Problem to solve: Your copy starts at the line containing "KNDCR3LE1P5044324 2023 KIA" and ends at the last line of the material below. Reproduce those lines exactly, with no pictures.

Recorded information:
-- Opening Marker --

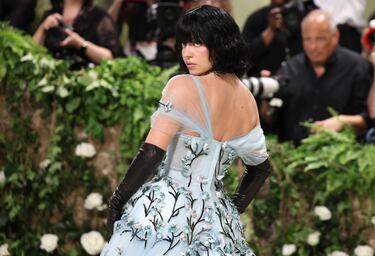 Sydney Sweeney went for a black wig with a sleek Miu Miu dress.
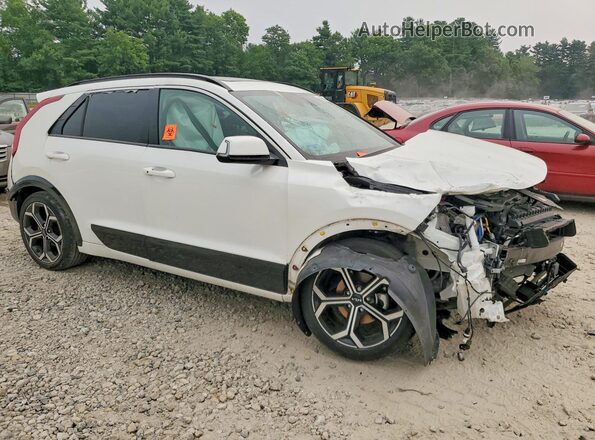 KNDCR3LE1P5044324 2023 KIA NIRO Белый Вид спереди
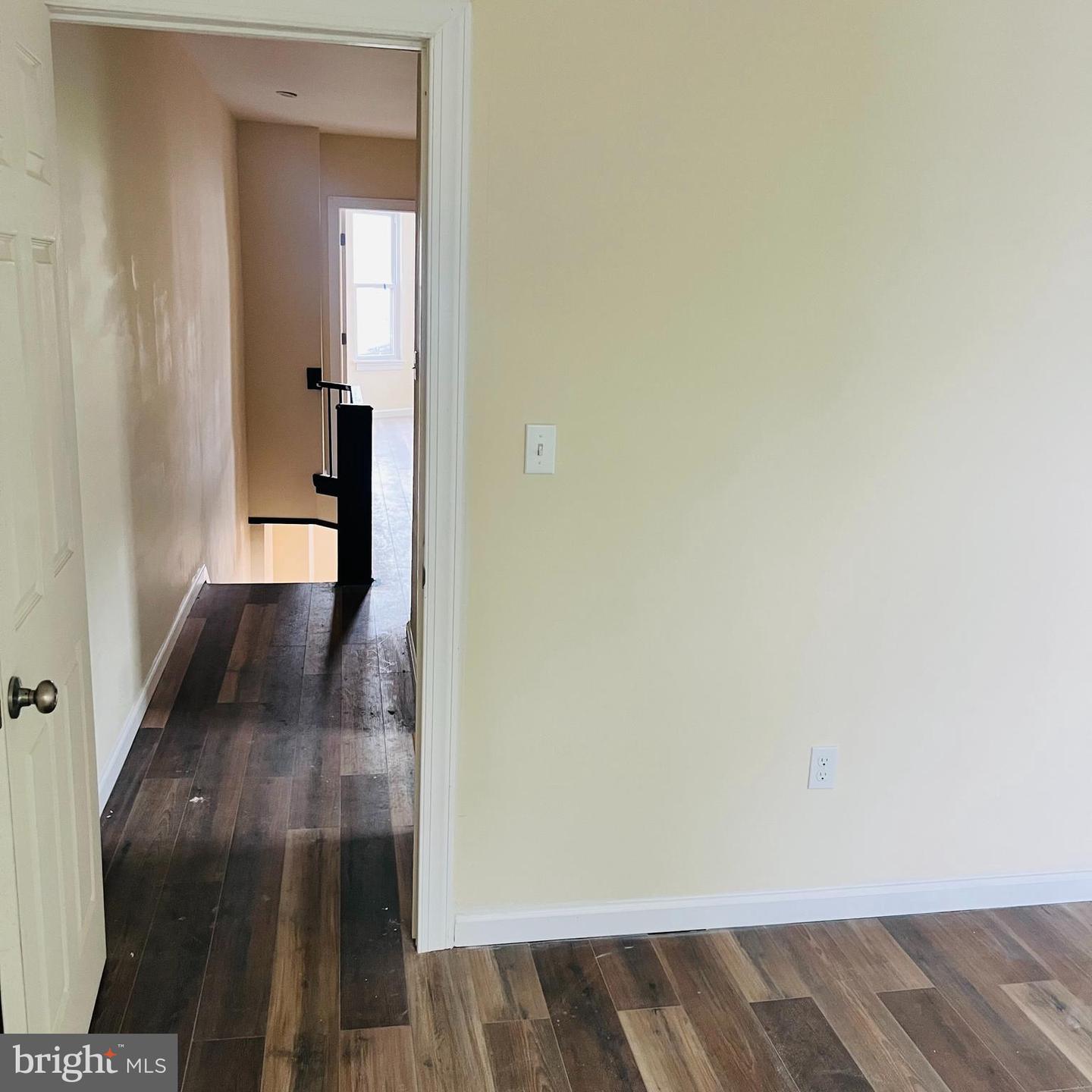 2328 W Harold St Property Photo 6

-- Closing Marker --

Finished task:
 KNDCR3LE1P5044324 2023 KIA NIRO Белый Вид спереди
 2328 W Harold St Property Photo 6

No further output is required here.